The Department for Transport (DfT) has published guidance for organisations looking to apply to £500,000 made available in the government’s Tackling Loneliness with Transport Fund, part of the government’s Loneliness Strategy, launched in 2018.
The project aims to understand how transport can be used to reduce loneliness, primarily among vulnerable groups (According to ONS data, the most vulnerable groups are older people, young people aged 16 to 24 and university students, those with long-term health problems, members of black, Asian and minority ethnic communities, LGBTQ+ people, disabled people and carers).
Applicants will need to demonstrate how pilot transport schemes will target those at risk, build an evidence base on transport and loneliness, and demonstrate how a transport network can trial ways of tackling loneliness. The scheme hopes to explore how transport can act as an “enabler” in uniting people with places or others that will make them feel less lonely, and as a social act in itself being “by nature a shared experience”.
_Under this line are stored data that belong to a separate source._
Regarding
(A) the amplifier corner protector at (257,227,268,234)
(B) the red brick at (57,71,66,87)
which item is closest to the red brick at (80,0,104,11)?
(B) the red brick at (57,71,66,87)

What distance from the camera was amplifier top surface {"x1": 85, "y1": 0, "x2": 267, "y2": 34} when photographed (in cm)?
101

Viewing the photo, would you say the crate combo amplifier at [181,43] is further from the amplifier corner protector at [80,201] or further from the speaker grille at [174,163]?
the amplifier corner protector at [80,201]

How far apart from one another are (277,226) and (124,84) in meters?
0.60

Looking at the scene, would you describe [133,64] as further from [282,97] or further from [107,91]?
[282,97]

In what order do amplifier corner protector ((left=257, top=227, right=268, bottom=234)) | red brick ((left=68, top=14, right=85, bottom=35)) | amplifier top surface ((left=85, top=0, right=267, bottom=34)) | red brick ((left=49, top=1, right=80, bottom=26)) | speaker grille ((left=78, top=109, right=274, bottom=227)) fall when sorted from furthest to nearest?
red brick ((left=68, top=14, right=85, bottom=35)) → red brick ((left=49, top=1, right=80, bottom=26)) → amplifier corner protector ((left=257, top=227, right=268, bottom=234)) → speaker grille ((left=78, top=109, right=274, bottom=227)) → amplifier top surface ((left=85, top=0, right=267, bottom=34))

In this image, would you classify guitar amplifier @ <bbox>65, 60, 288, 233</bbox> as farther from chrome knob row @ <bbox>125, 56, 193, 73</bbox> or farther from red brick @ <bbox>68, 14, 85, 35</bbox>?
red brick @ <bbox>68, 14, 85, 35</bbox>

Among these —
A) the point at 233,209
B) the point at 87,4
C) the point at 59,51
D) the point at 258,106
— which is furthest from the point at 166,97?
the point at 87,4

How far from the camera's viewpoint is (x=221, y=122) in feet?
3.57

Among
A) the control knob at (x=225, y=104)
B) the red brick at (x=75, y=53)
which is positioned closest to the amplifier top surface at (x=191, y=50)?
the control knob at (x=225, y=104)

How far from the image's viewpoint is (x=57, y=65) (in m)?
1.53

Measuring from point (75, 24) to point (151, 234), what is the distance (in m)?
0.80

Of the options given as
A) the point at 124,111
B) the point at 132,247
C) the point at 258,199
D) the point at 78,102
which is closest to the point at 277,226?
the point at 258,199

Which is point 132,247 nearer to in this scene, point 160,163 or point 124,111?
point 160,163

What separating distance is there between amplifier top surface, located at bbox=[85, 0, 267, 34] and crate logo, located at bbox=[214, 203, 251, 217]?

The scheme is being funded by the Shared Outcomes Fund and is to be led by DfT. Funding will cover costs associated with delivering proposed transport schemes, including salaries and recruitment, any capital assets such as minibuses, administrative costs associated with delivery, and proportionate costs for IT and training.
Grant funding will be made available to the public and charity sectors. The pilots will then be evaluated to allow DfT to understand more how to ‘loneliness-proof’ future transport schemes and share such findings with other organisations.
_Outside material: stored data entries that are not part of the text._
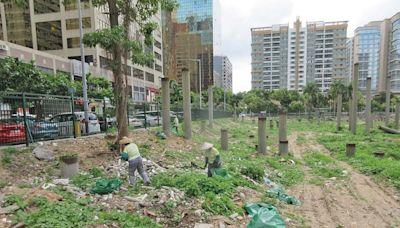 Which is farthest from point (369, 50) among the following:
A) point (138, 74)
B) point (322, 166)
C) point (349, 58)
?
point (322, 166)

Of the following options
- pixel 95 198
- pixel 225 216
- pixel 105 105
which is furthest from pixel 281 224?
pixel 105 105

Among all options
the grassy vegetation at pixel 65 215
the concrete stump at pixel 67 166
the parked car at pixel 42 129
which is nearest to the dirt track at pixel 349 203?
the grassy vegetation at pixel 65 215

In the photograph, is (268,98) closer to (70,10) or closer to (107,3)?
(70,10)

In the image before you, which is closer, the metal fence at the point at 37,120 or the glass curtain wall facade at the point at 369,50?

DfT says partnerships with the private sector are welcomed, but adds that grants will be awarded to local authorities or third sector organisations and charities. Schemes will be undertaken in partnership with national and local organisations across the public and charity sectors.
Proposed schemes must be based in England and must explicitly target those at risk of loneliness and how to reduce it. Systems must be in place to evaluate the effectiveness of the proposal, and meet reporting requirements. An external evaluator will work with DfT and successful partners to evaluate the pilots. DfT says it is undertaking research prior to the pilot start dates and will “share relevant findings with successful bidders to inform the final pilot design”.
No further funding will be available for transport projects that target loneliness beyond the grants offered as part of the Shared Outcomes Fund scheme, however DfT states that proposals which would not be viable with the £500,000 grant funding should be costed “with a clear rationale” for higher amounts, up to a maximum of one million.
Pilots will be shortlisted to a design stage in February 2022, with design taking place until March. Funds will be released after that date with operation expected to begin in April 2022. The pilots must be delivered, with all funds spent, by 31 March 2023.